Il y a dans le monde d’autres femmes comme elle. Je ne les cite pas. Mais… au CDT, il y a Mme Bernadette qui, pour rendre hommage au combat des femmes, a organisé, bien sûr avec le concours des autres collègues du même genre, un petit buffet que nous, personnel enseignant avons partagé dans le hall de notre nouveau bâtiment. 

Aux filles, futures responsables et mamans de ce pays, il a été demandé de s’habiller en robe popinée.
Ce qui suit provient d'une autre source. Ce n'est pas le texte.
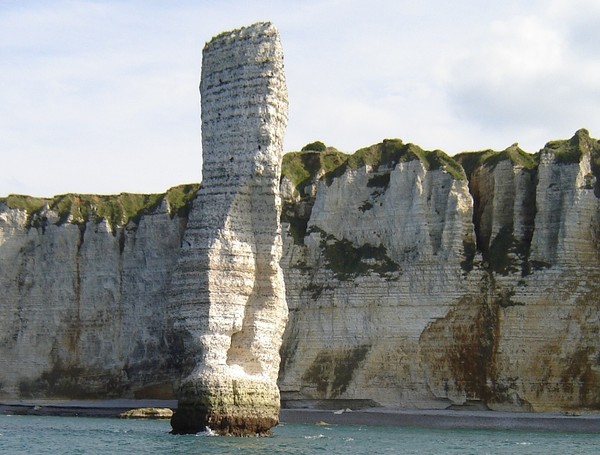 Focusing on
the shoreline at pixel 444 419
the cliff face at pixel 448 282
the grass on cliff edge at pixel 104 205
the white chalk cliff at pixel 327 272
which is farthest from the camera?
the grass on cliff edge at pixel 104 205

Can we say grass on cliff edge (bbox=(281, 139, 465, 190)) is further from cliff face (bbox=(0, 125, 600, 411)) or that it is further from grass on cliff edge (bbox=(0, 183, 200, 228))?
grass on cliff edge (bbox=(0, 183, 200, 228))

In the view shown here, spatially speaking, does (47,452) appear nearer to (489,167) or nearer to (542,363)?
(542,363)

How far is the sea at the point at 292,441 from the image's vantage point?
27.5 metres

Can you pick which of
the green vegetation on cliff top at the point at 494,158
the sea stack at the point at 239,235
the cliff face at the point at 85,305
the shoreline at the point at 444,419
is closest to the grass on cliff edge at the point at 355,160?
the green vegetation on cliff top at the point at 494,158

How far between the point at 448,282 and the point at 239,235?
47.9ft

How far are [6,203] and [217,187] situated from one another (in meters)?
27.1

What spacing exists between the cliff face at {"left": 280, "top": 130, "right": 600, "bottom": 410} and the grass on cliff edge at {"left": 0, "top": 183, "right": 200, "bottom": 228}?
775cm

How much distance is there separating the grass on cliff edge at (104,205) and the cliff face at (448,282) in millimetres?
7747

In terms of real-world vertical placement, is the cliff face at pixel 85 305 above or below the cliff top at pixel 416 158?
below

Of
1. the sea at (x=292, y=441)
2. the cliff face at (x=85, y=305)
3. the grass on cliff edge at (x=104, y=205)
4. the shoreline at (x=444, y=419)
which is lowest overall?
the sea at (x=292, y=441)

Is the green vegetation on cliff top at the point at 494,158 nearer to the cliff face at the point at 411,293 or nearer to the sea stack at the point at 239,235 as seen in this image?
the cliff face at the point at 411,293

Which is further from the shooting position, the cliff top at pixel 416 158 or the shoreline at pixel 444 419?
the cliff top at pixel 416 158

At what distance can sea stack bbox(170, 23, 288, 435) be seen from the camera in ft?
99.6

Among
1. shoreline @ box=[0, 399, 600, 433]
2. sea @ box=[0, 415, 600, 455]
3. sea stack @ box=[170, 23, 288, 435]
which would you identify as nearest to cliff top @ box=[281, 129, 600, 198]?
shoreline @ box=[0, 399, 600, 433] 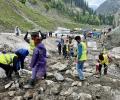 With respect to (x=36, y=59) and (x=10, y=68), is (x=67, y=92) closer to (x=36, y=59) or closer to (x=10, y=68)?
(x=36, y=59)

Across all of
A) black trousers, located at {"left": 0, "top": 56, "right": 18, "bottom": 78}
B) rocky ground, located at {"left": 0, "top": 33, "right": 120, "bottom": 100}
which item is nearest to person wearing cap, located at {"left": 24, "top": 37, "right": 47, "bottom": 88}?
rocky ground, located at {"left": 0, "top": 33, "right": 120, "bottom": 100}

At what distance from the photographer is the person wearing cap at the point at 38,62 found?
48.3ft

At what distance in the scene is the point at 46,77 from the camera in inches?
642

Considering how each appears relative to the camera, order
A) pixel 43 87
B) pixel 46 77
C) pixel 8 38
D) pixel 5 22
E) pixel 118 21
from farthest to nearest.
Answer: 1. pixel 5 22
2. pixel 118 21
3. pixel 8 38
4. pixel 46 77
5. pixel 43 87

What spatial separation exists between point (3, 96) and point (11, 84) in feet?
4.14

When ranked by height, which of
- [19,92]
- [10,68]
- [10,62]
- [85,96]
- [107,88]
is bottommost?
[85,96]

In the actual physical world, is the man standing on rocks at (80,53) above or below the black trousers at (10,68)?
above

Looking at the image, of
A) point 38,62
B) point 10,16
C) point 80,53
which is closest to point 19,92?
point 38,62

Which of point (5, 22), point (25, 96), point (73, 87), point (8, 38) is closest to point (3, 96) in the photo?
point (25, 96)

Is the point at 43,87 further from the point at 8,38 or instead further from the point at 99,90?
the point at 8,38

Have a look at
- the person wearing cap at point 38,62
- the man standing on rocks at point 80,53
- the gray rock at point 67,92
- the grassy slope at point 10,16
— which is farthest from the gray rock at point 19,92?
the grassy slope at point 10,16

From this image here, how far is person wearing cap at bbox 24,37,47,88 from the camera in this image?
14.7m

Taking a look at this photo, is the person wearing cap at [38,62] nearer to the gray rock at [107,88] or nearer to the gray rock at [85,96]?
the gray rock at [85,96]

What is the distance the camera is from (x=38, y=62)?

Elles étaient venues le jour tout en couleur de l’arc-en-ciel. Elles étaient éclatantes, je vous jure. Nous n’avons pas arrêté de nous prendre en photo dans la cour mais aussi devant un grand panneau, un drap teinté en bleu ciel sur lequel sont épinglées des fiches/pensées des élèves au sujet des combats de la femme. Vous avez dû vous en rendre compte par vous-même en allant sur les réseaux sociaux. 

         Pour vous lectrices et lecteurs de Nuelasin, je propose ce petit texte produit un peu pour m’exorciser. La semaine d’avant, c’était la disparition d’un neveu dans la grande forêt de Hunöj. Il fut retrouvé. Grands Dieux ! Samedi dernier c’était le départ de l’autre neveu, Kat…, vers l’autre monde. Toute la semaine depuis lundi, c’était l’offrande de la nouvelle igname. Combien en donnera-t-on pour conjurer le sort ?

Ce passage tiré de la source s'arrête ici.